A major spending bill posted late last night by Congressional leaders contains provisions shooting down two key initiatives of the campaign finance reform community. 

Stymied by a Federal Election Commission that has increasingly struggled to find consensus, campaign finance activists in recent years have turned their attention to other federal regulators, pressing those regulators to adopt their own rules governing money in politics.  Depending on your perspective, these efforts have been aimed at either bringing more transparency to elections or squelching the political speech of companies and other groups.

At the federal level, activists have long-targeted the Securities & Exchange Commission and IRS.  The proposed spending bill would put both efforts on ice.
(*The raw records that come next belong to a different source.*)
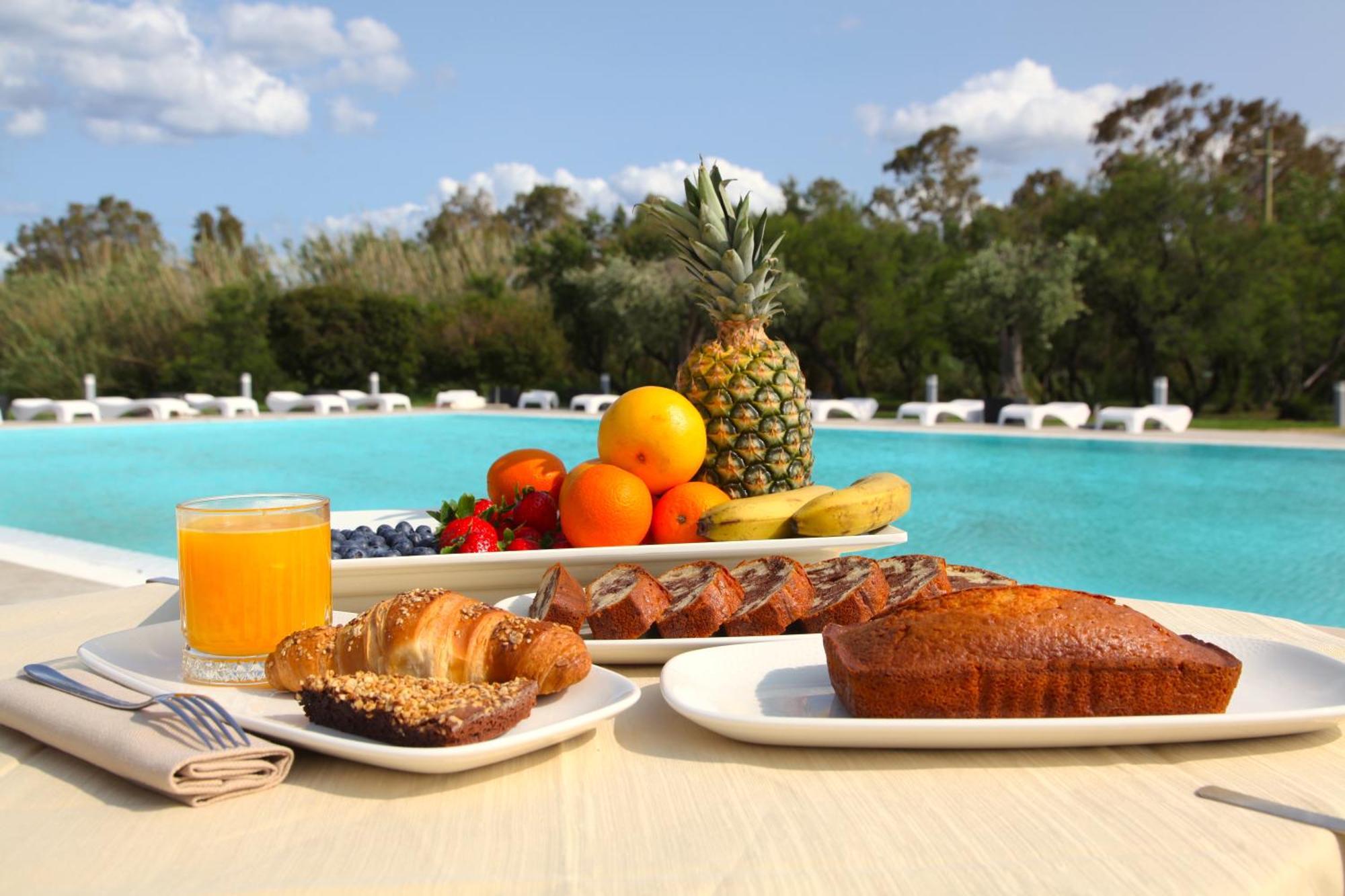 Resort Abbaia Ba Budoni Exterior photo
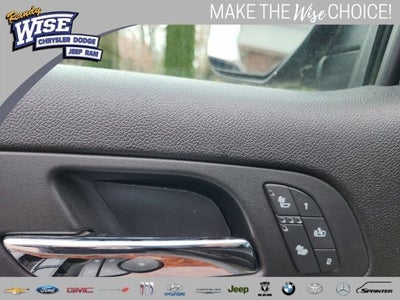 2007 Chevrolet Suburban 1500 LT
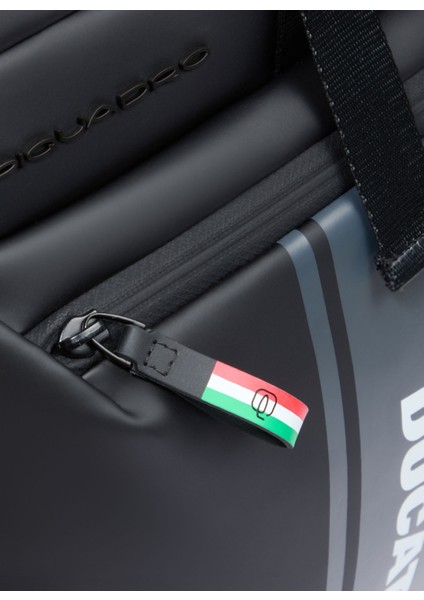 Piquadro Siyah Erkek Sırt Çantası CA6291C2OWD fırsatları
Most significantly, the bill would bar the SEC from using appropriated funds “to finalize, issue, or implement any rule, regulation, or order regarding the disclosure of political contributions, contributions to tax exempt organizations, or dues paid to trade associations.”  An SEC rulemaking forcing public companies to disclose information about their political activities has long been a dream of the reform community.  Law professors, labor organizations, and others have organized campaigns resulting in hundreds of thousands of comments encouraging the SEC to act.  At one point a few years ago, the SEC put a potential “corporate political disclosure” rulemaking on its “Unified Agenda,” but never acted.  While the SEC has lately shown little appetite to engage in rulemaking in this area, some Members of Congress have increasingly pressured it to do so.  Today’s spending bill, if adopted, prevents the SEC from moving forward with any such rulemaking for the next fiscal year.

Activist efforts to press the IRS to issue a rulemaking that could narrowly define 501(c)(4) social welfare organizations would also now be on hold.  Critics have maintained that these tax-exempt groups are flooding the airwaves with election advertising without disclosing their donors.  Accordingly, they have demanded that the IRS issue rules defining when these so-called “dark money” groups can legitimately claim social welfare status and when they must become section 527 political organizations that must disclose their donors.  In 2013, the IRS proposed a rule tackling this issue.  After intense criticism from many sides, the IRS pulled the regulation back.  We have heard rumblings that the IRS was getting closer to proposing a new rule, but the spending bill would appear to put a stop to that, at least during fiscal year 2016.  The bill also confirms that gift taxes would not apply to contributions to 501(c)(4) and (c)(6) organizations, which will provide greater certainty to donors to such organizations.

In the case of the SEC and IRS rulemaking, the spending bill applies only to the use of appropriated funds in fiscal year 2016.  Campaign finance reform groups will likely attempt to resurrect these reform initiatives after that.  But, at least for now, these reform efforts appear to be on life support.